In his novel Arrowsmith, Sinclair Lewis' fallen hero, Professor Gottlieb has his groundbreaking work on bacteriophages sucked into the PR driven world of the pharmaceutical industry, breaking his spirit.  Recent revelations that many of our smartest researchers are profiting from their discoveries in ways that put children at risk (today's NY Times, "Expert or Shill?") shouldn't surprise us-  it is what happens when we allow profit to drive the system with little regard for clinical relevance.  The answer in the short term is more disclosure and more transparency (I can't make a move in medical education without filling out 10 disclosure affirmations, and I keep wondering why I have nothing to disclose), but the long term answer is to create an academic culture that is less dependent on the pharmaceutical industry for the funding of research.  In my ideal world, pharmaceutical research funding to academic institutions needs to go through the NIH, cannot have ANY input from the industry and the results of the work CANNOT be patented.  Without patents to protect, the system of pharmaceutical privilege collapses.  Then, we can get back to the "Prayer of the Scientist" articulated by Professor Gottleib (one of my favorite parts of the book):
'God give me unclouded eyes and freedom from haste.

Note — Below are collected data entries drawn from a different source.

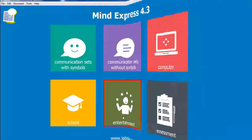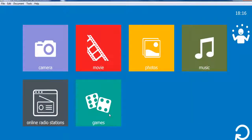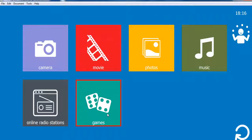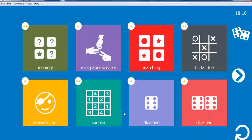In the entertainment section, you'll be able to watch movies, listen to music or radio programs, take pictures or play games.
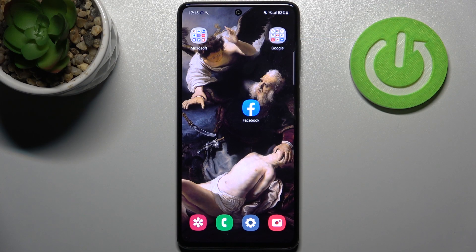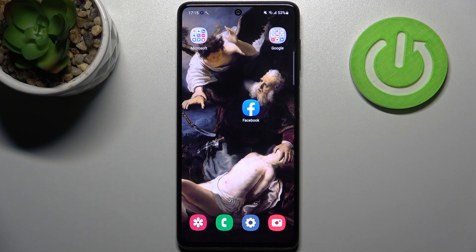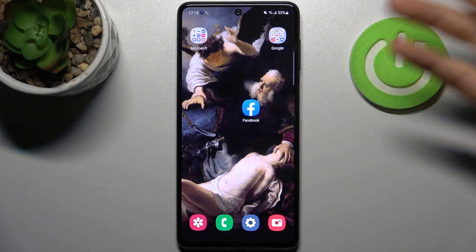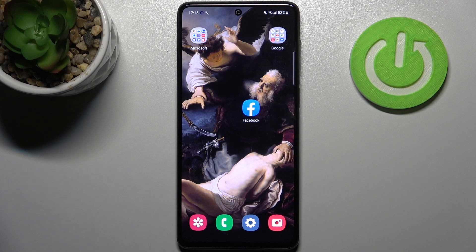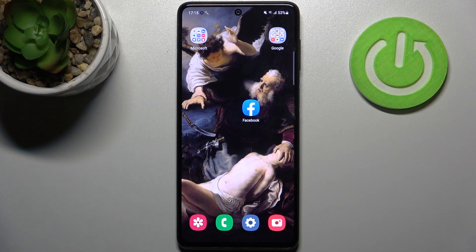Here I have Samsung Galaxy M52 and today I'm going to show you how to hide apps on this device. Basically, if you want to hide any app — for example Facebook — if you want nobody to actually know that you use Facebook because people could laugh at you for using it.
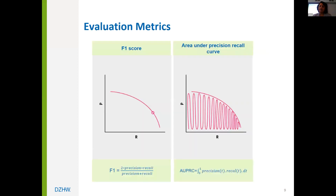To evaluate the performance of each configuration, two common metrics were used: the area under the precision-recall curve (AUPRC) and the micro-average F1 score. Both metrics evaluate model performance but from different perspectives — micro-average F1 balances precision and recall, while AUPRC focuses on performance on positive samples.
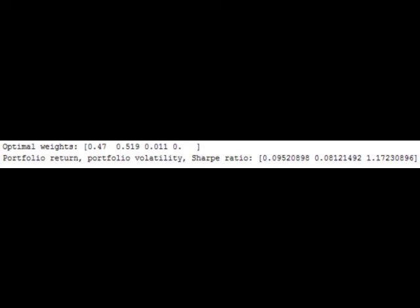We first add VXX, a volatility exchange-traded fund, to the portfolio and run the Python program. The picture on our website shows the optimal portfolio's composition and the Sharpe ratio. It's interesting to note that the program determined the weight of VXX to be zero, and consequently, the Sharpe ratio is unchanged.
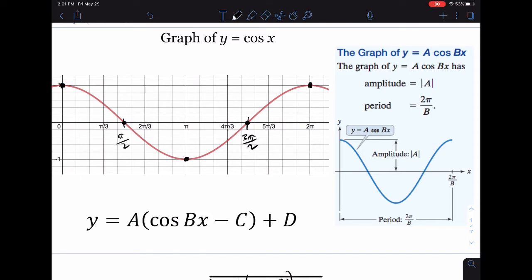For the parent graph y = cos(x), the period is still 2π. The amplitude deals with stretch and compression, but it also deals with reflection — if it's negative, that means it's going to reflect over the x-axis, just like we talked about in class.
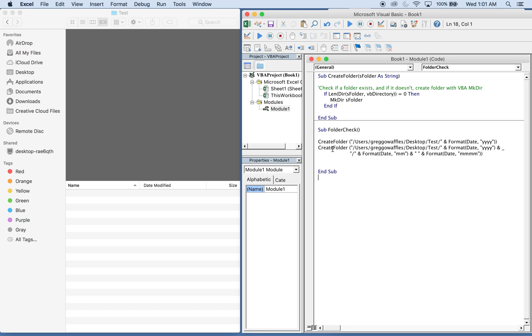And then the sub CreateFolder gets called again. This time it's checking to see if within that year folder that's within the Test folder, there's a month folder. And the month folder name for that is based on the number first.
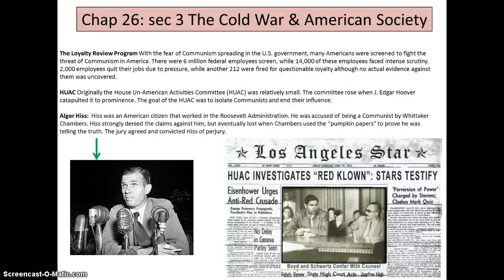Section three: the Cold War and American society. People start to get accused of being communist. With the fear of communism spreading in the US government, many Americans were screened. There were six million federal employees screened. While 14,000 faced intense scrutiny, 2,000 employees quit their jobs due to pressure, while another 212 were fired for questionable loyalty, although no actual evidence was uncovered against them.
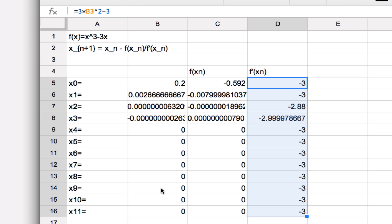But it isn't the one that we're interested in getting. So if we want to find the square root of 3, how are we going to do that? We're going to have to pick a different value of x₀. So in the next video, I'll show you how to do that using Desmos, the online graphing calculator.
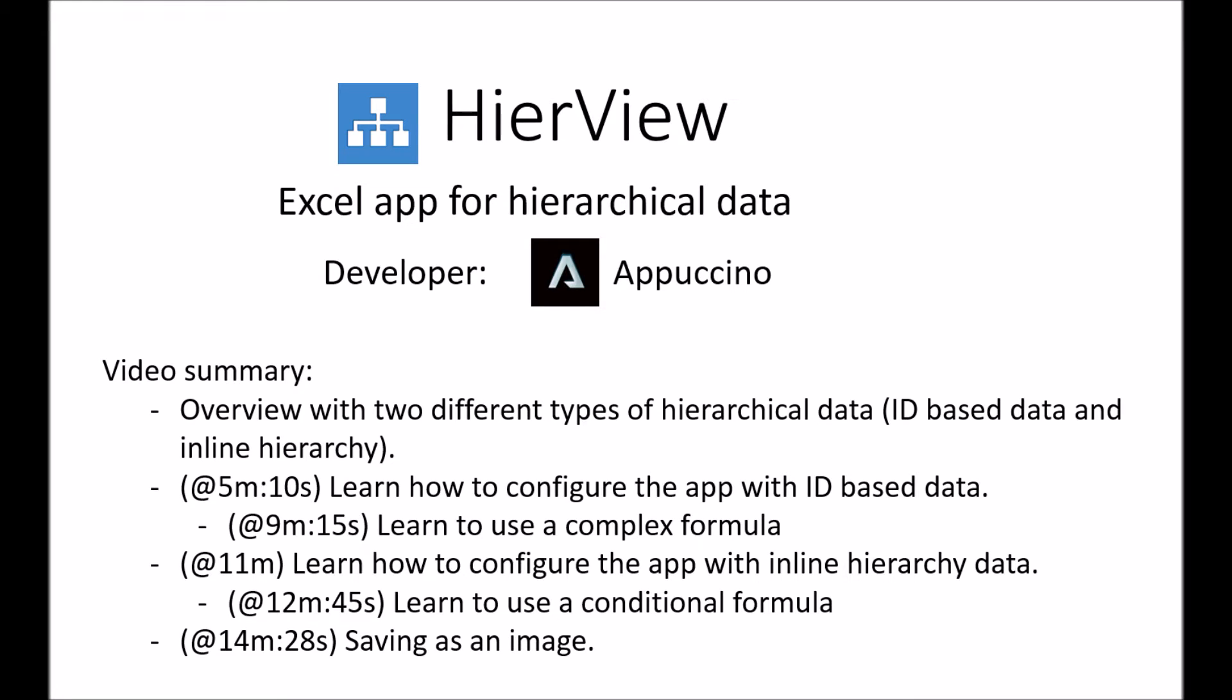Hello. Thanks for checking out the HireVue app for Excel. This app makes it easy to visualize and analyze hierarchical data. In this video, I will give an overview of the capabilities that this app provides.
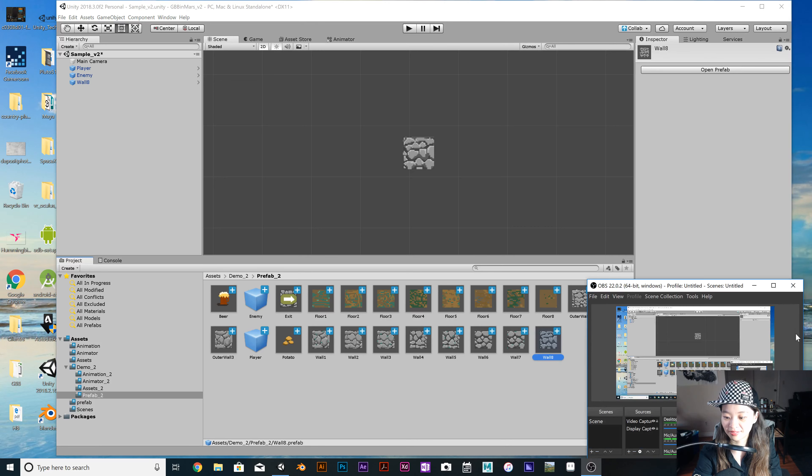Basically, these are our new prefabs. In the next episode, I'm going to show you how to write some simple code to manage the game board and the whole environment. Thanks for watching and see you next time, bye!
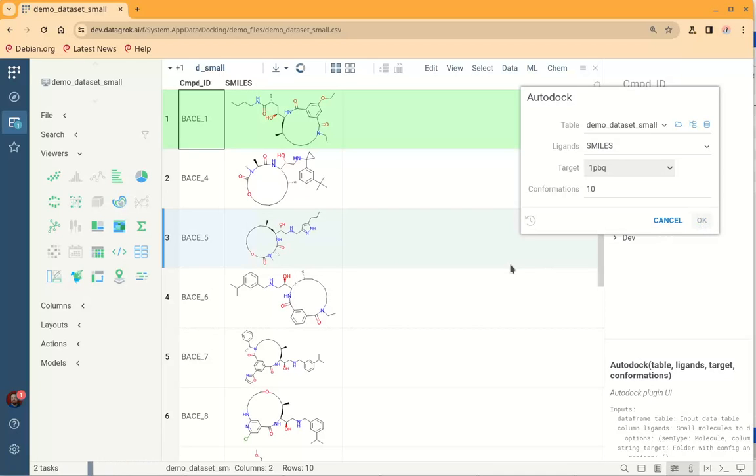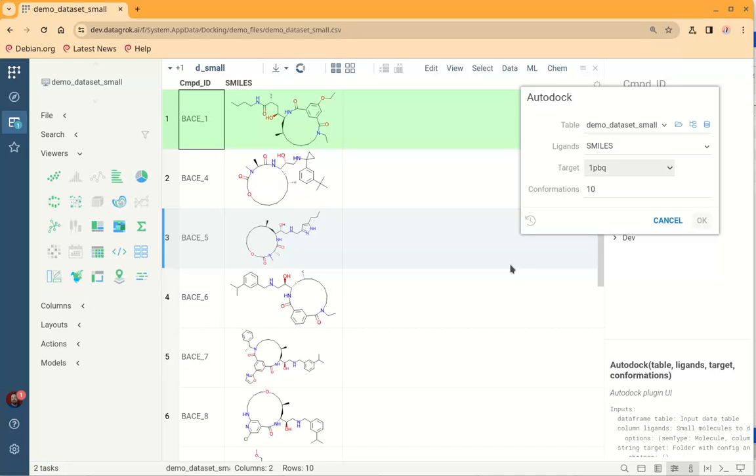First calculation will take a while because Auto-Dock prepares affinity maps for the macromolecule and this is a time-consuming process, but all subsequent runs will be notably faster because Datagrok caches affinity maps and we won't need to recalculate them.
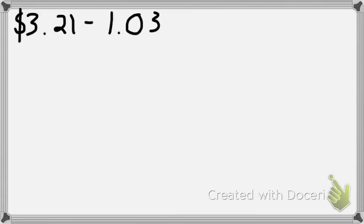This one is all on your own, and then we will do it together. So $3.21 minus $1.03.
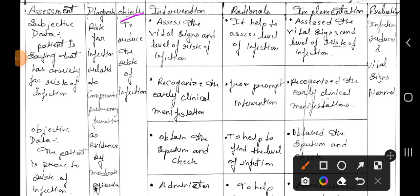Goal: to reduce the risk of infection. First intervention: assess the vital signs and level of risk of infection. Rational: it helps to assess the level of infection. Implementation: assess the vital signs and level of risk of infection.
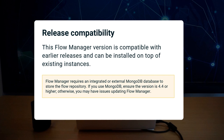If you are using MongoDB, check that the version is at least 4.4, especially before performing an update. If you are not familiar with FlowManager, check the description below to access free introductory product training.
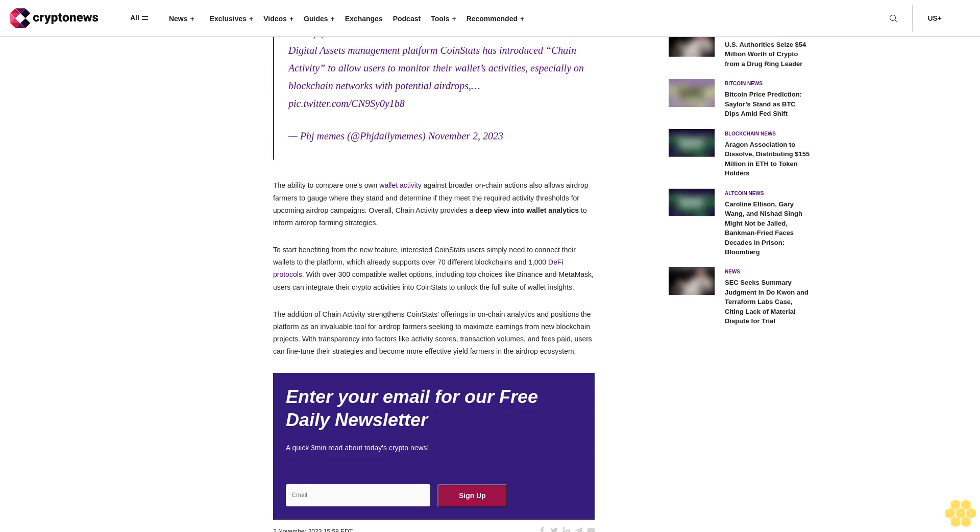The addition of chain activity strengthens CoinStats' offerings in on-chain analytics and positions the platform as an invaluable tool for airdrop farmers seeking to maximize earnings from new blockchain projects. With transparency into factors like activity scores, transaction volumes, and fees paid, users can fine-tune their strategies and become more effective yield farmers in the airdrop ecosystem.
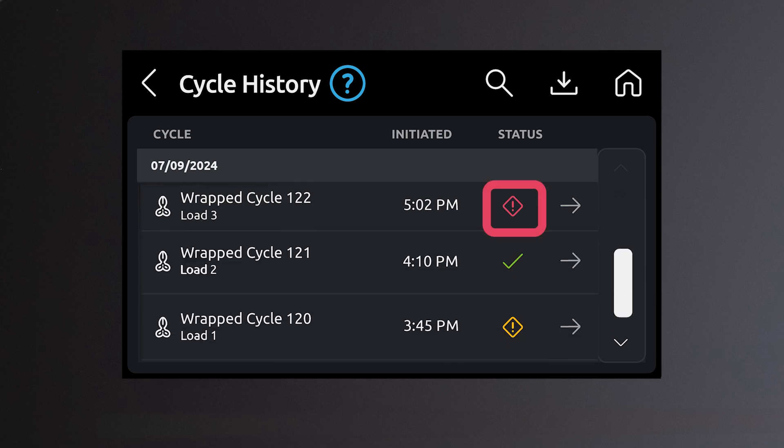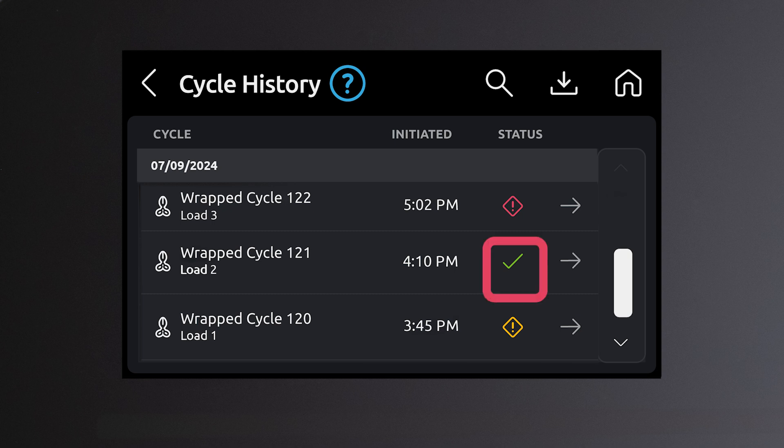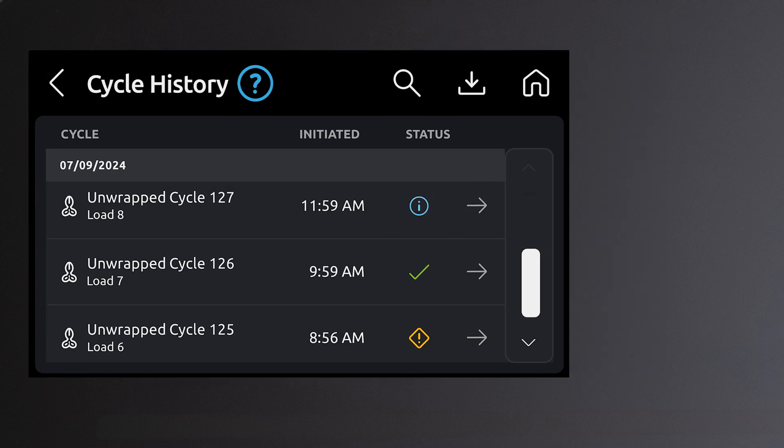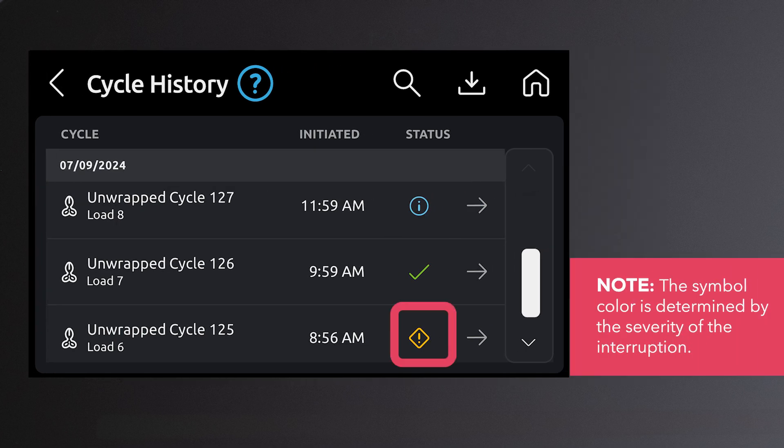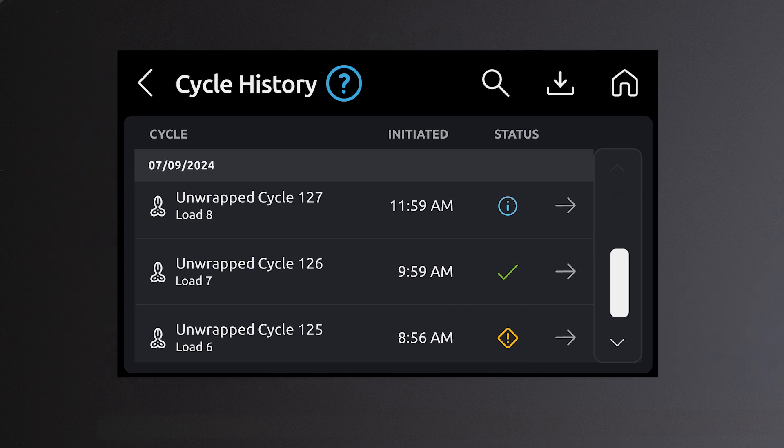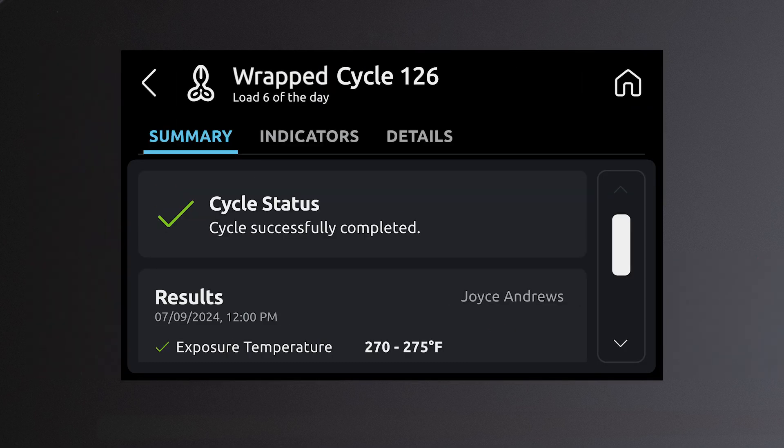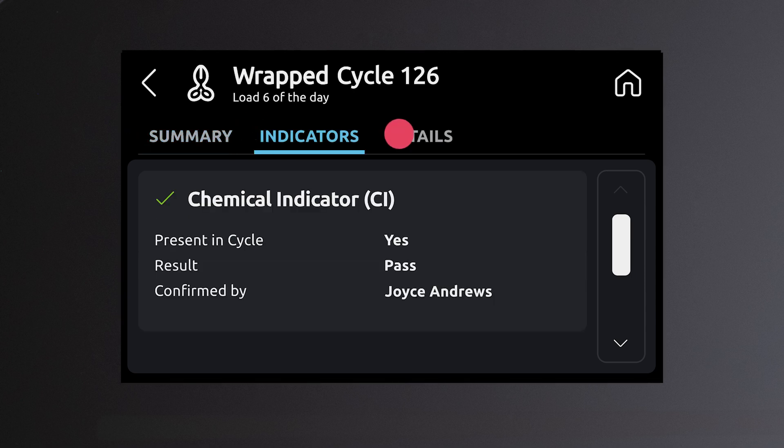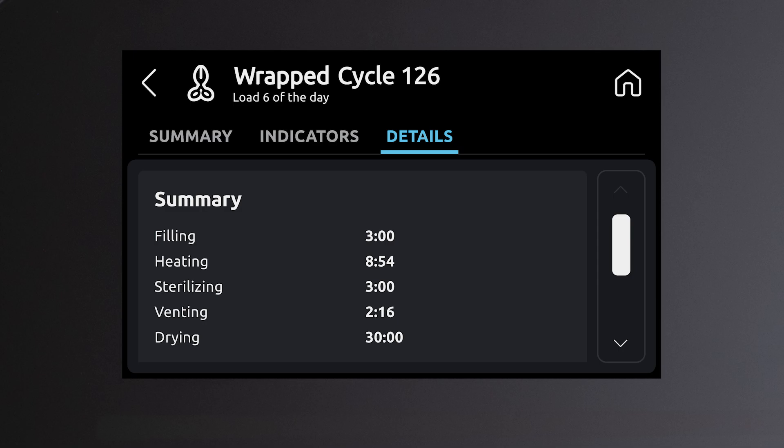The status icon indicates there is additional information required for the cycle. The checkmark icon indicates the cycle was completed successfully. The status error icon indicates the cycle was interrupted. The right arrow icon allows you to access detailed information such as the cycle summary, chemical indicator, and details of the cycle.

God give me a quiet and relentless anger against all pretence and all pretentious work and all work left slack and unfinished. God give me a restlessness whereby I may neither sleep nor accept praise till my observed results equal my calculated results or in pious glee I discover and assault my error. God give me strength not to trust to God!'
Science has become business;  we need to draw the line between them more firmly again.